About color enlargers, I have heard some people saying that they work better than most B&W enlargers for B&W printing so if you can get one cheap it might be a good buy even if you don't plan on doing color.


----------



## terri (Aug 12, 2005)

I have a old, well used color enlarger (Omega D5) that cost a few thousand bucks when new - I got it for less than $500 with a couple lenses thrown in. It will shoot up to large format if needed.  I find it much easier to dial in my controls than use the filters I was taught on. A little magenta to add contrast, or yellow to flatten. 

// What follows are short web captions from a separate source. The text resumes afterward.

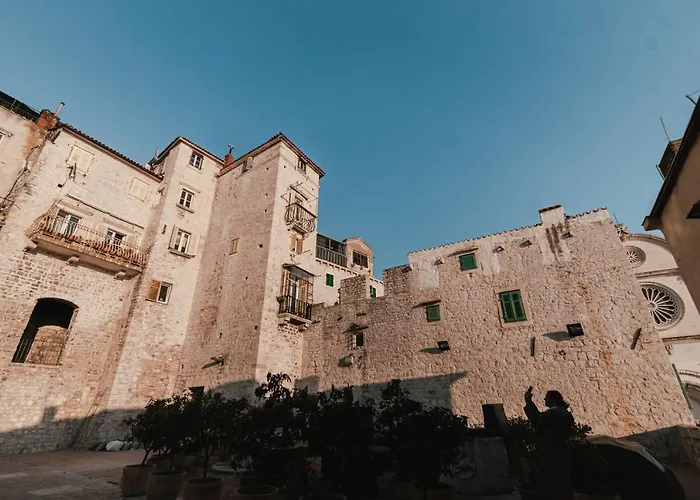 Huisdiervriedelijke Arya Apartment Šibenik
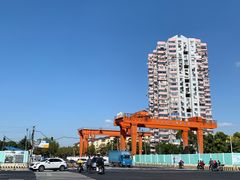 -蓝天路(地铁站)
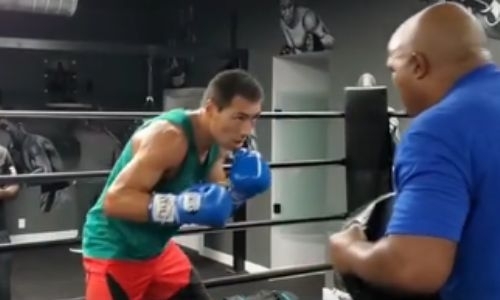 Алимханулы показал видео тренировки с известным наставником в США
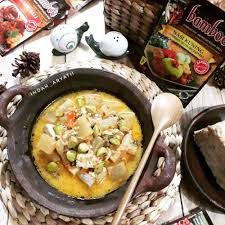 Cecek/kikil•daun salam•daun jeruk•daun sereh•santan kara•air•minyak goreng (untuk menumis)•bawang merah. Resep Cecek Bumbu Kuning Facebook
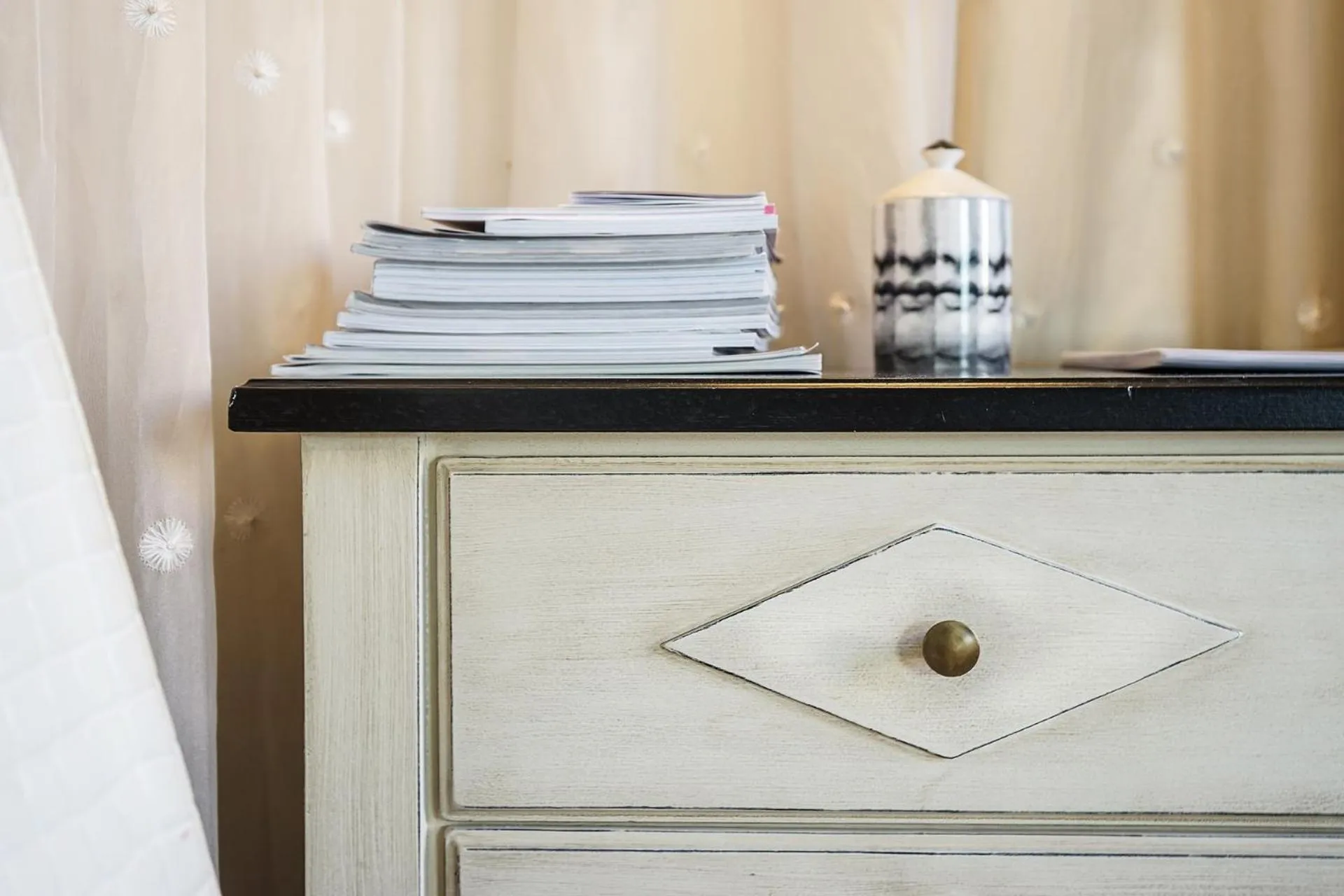 Decorative detail in Hôtel Particulier Le 28 - Spa & Art Luxury Design by Alain Ducasse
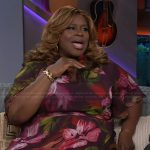 Retta’s floral print maxi dress on The Kelly Clarkson Show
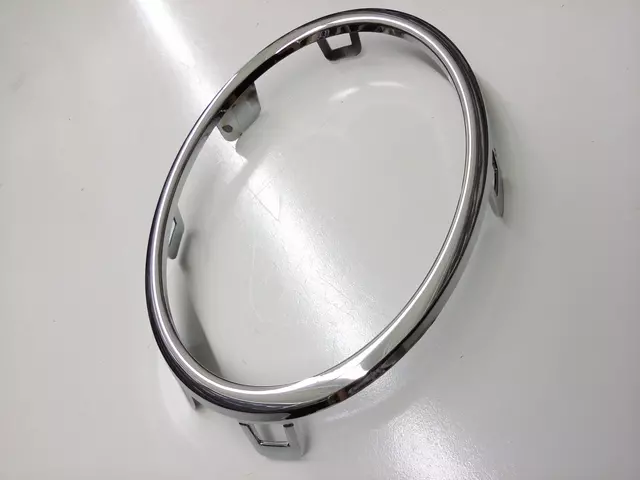 Fog Lamp Bezel - Volkswagen (5K0-853-102-2ZZ)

That said, I learned on a Beseler 23 III C and it was great! There are tons of used enlargers out there and the prices are really reasonable. I picked up a couple more lenses on eBay, and all my miscellaneous darkroom supplies. :thumbup: It can really be done on the cheap.


----------



## Don Simon (Aug 12, 2005)

Thanks Darin & Terri, I'll definitely take what you said into consideration. Colour enlargers seem to be going for very little money, and thinking back the ones I used at college may have been colour (they had the Cyan, Magenta and Yellow dials which the B&W enlargers I've seen don't seem to have). I'm trying to use Ebay less; they already own the planet _de facto_ and I don't know what the management spends all that money on, so they must be cloning an army...

Anyway...

The name is of course from the Hitchhikers' Guide; as a kid I listened to recordings of the original BBC radio series, and I've read the books (collected in a single volume) more times than most priests open the Bible. If I ever become super-rich I will launch a philanthropic project to replace all those Gideons' in hotels with copies of the HHGTTG. The latter is much more useful for understanding and accepting your place in the universe. Sure, Buddha and Mohammed said many wise things, but are any as profound as "Don't Panic"?
Apologies for the blasphemy. My idea of seeing The Hitchhikers' Guide as the foremost philosophical work of all time is probably not a popular one :sillysmi:
As for the movie, I haven't seen it but I oppose to it on principle, simply because it further devalues the use of the name Zaphod online. It also destroys that mystical quality that exists when someone asks "What's the answer?" and you answer "42!", and one other person in the room smiles while everyone else just looks on confused.

But I digress...


----------



## darin3200 (Aug 12, 2005)

terri said:
			
		

> That said, I learned on a Beseler 23 III C and it was great!


Props to Beseler 23 III C  :thumbup:


----------